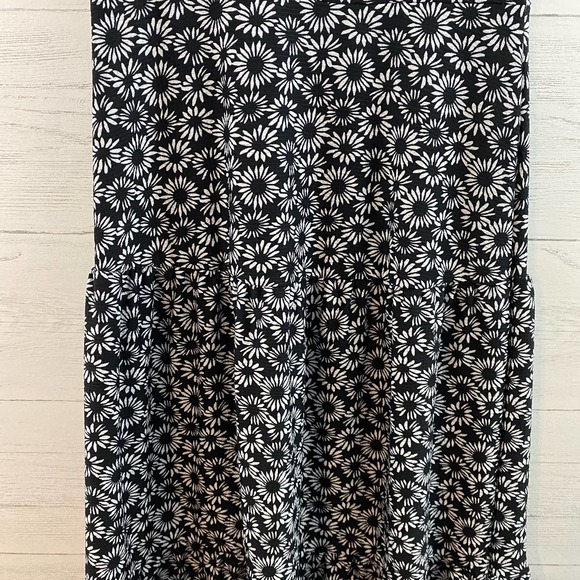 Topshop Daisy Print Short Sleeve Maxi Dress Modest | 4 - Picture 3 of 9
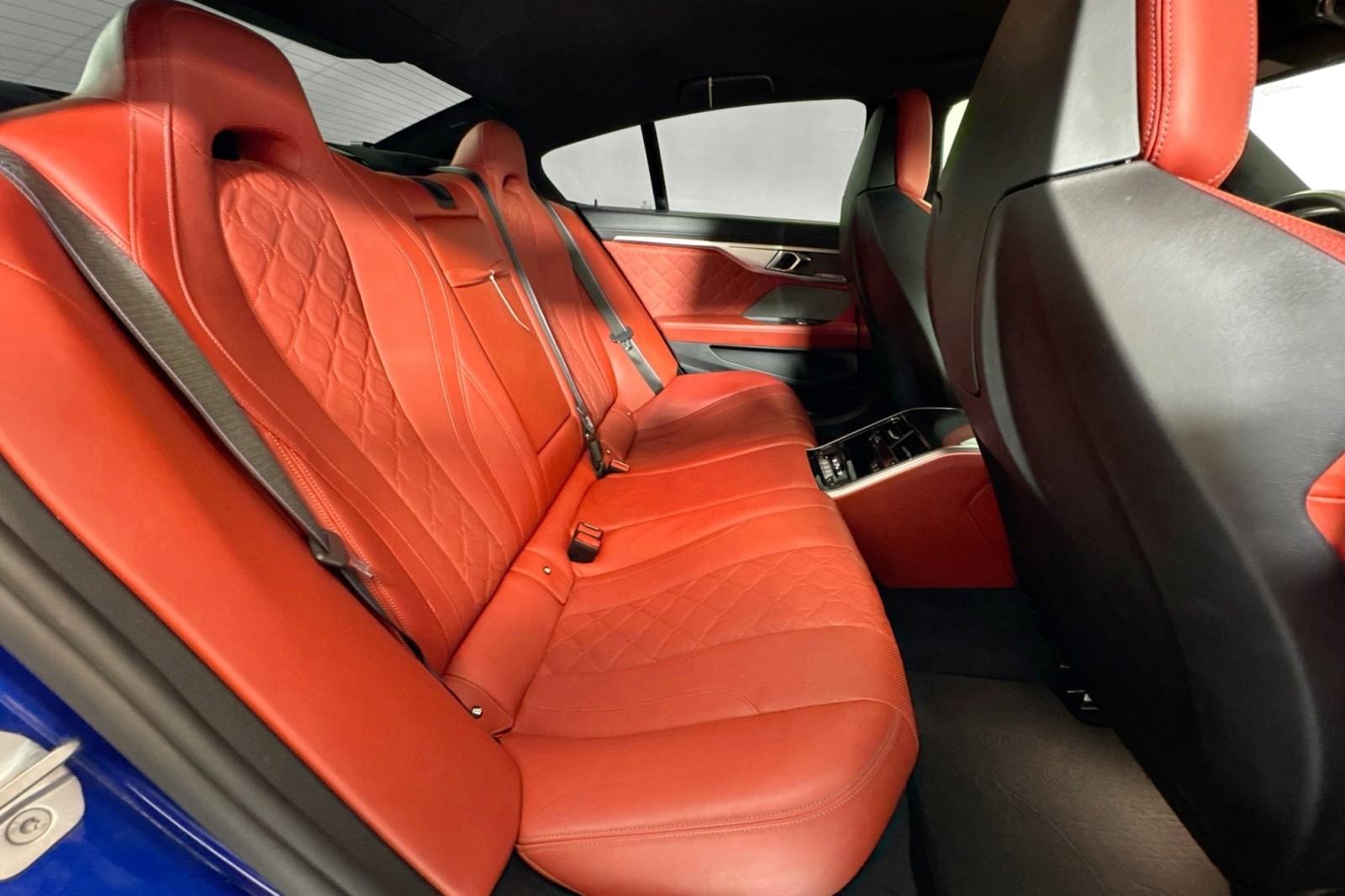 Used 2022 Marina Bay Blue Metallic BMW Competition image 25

═══

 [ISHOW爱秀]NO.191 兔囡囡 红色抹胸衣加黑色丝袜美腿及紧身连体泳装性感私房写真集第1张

═══

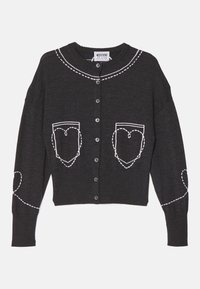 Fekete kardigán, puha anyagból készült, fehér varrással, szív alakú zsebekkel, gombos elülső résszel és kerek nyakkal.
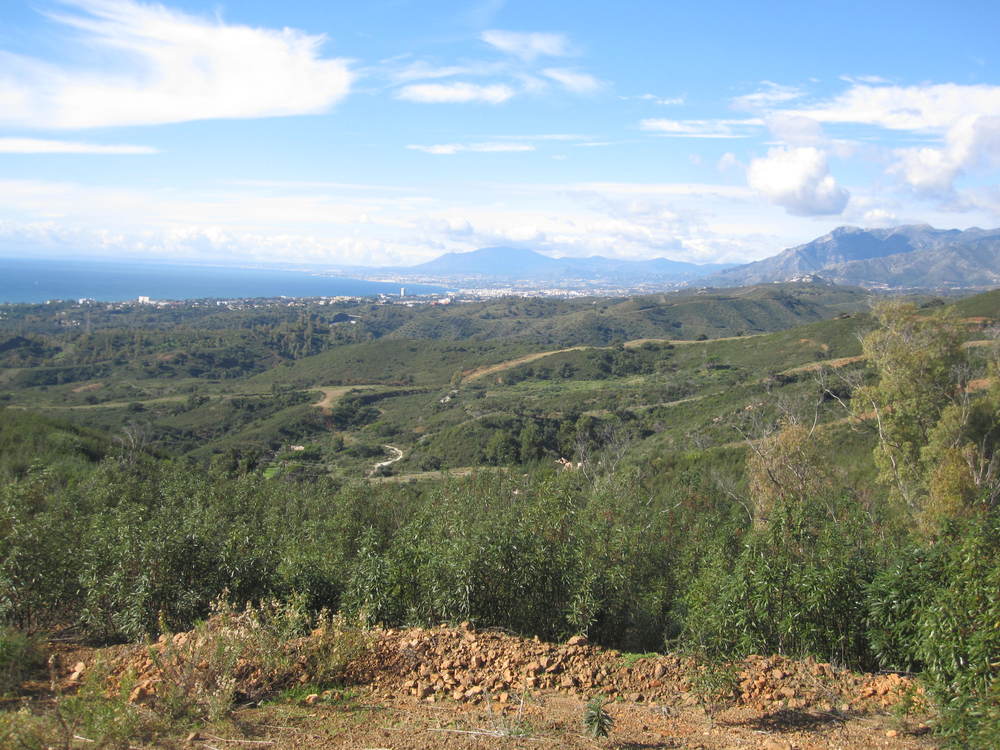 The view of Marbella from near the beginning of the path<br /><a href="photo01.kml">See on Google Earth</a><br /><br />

═══

** Task to complete **
Working from the entries above, please transcribe only the lines from the line with "Topshop Daisy Print" through the line with "Used 2022 Marina", exactly, with both end lines and without pictures.

** Answer below **
 Topshop Daisy Print Short Sleeve Maxi Dress Modest | 4 - Picture 3 of 9
 Used 2022 Marina Bay Blue Metallic BMW Competition image 25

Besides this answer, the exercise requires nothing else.